Material for the task Block Start

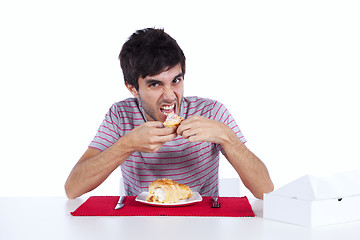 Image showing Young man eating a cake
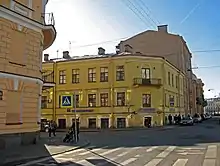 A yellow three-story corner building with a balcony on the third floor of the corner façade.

Material for the task Block End
Material for the task Block Start

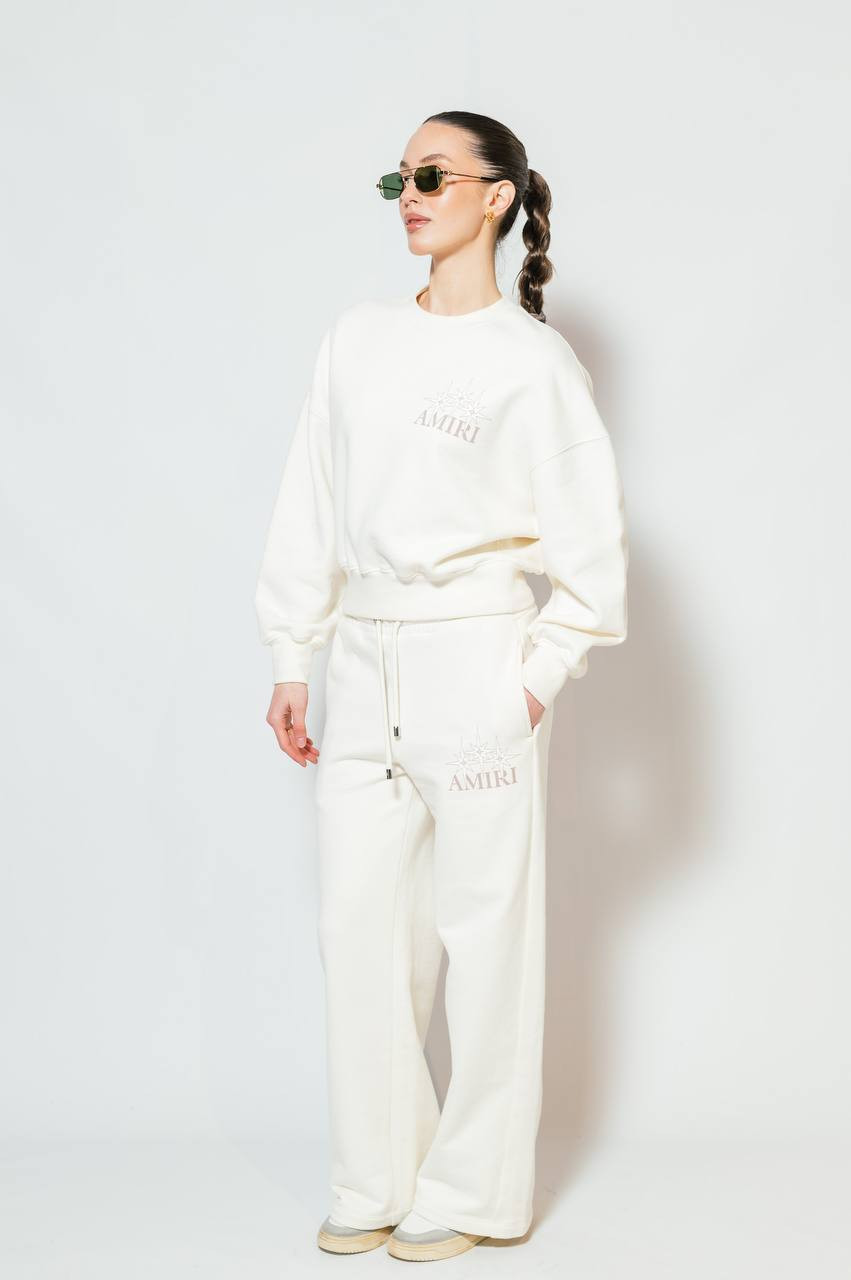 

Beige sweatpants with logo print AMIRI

Material for the task Block End
Material for the task Block Start

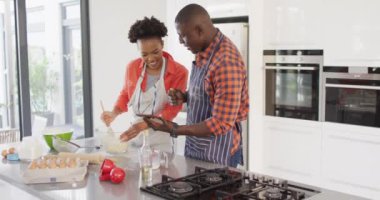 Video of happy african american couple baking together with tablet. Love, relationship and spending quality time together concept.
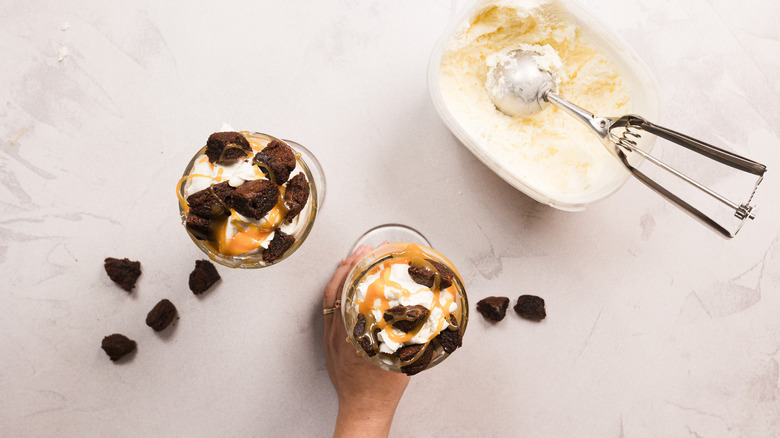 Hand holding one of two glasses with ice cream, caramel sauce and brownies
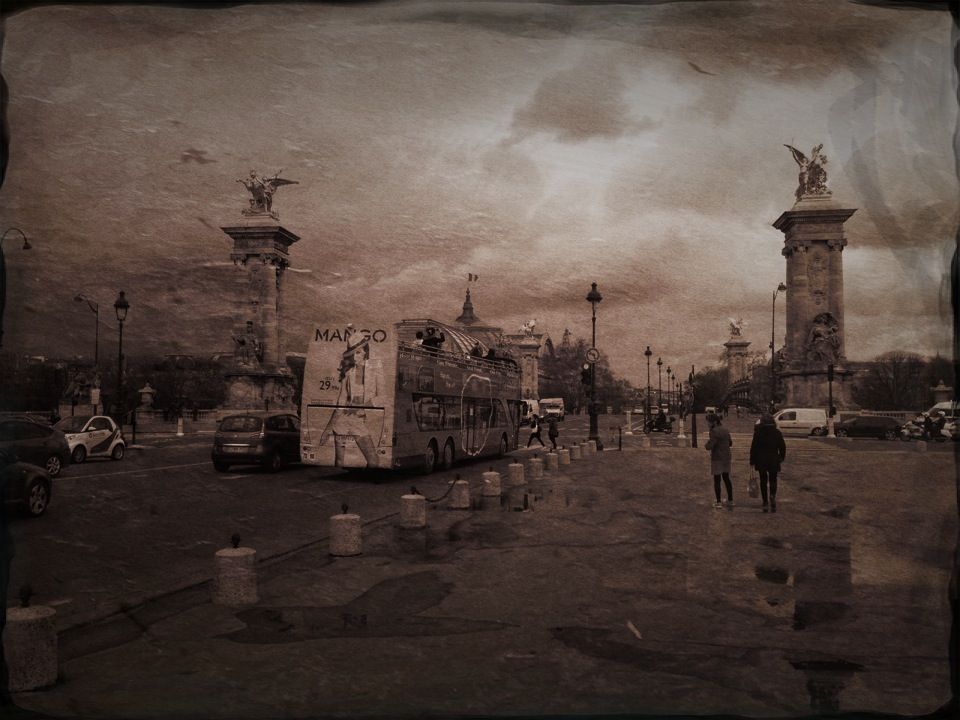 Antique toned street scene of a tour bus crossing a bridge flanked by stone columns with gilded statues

Material for the task Block End

> **Problem description**: In the material above, which lines fall between the one holding "Video of happy" and the one holding "Antique toned street", inclusive? Print exactly those, with the pictures left out.

> **Answer for the task**:
 Video of happy african american couple baking together with tablet. Love, relationship and spending quality time together concept.
 Hand holding one of two glasses with ice cream, caramel sauce and brownies
 Antique toned street scene of a tour bus crossing a bridge flanked by stone columns with gilded statues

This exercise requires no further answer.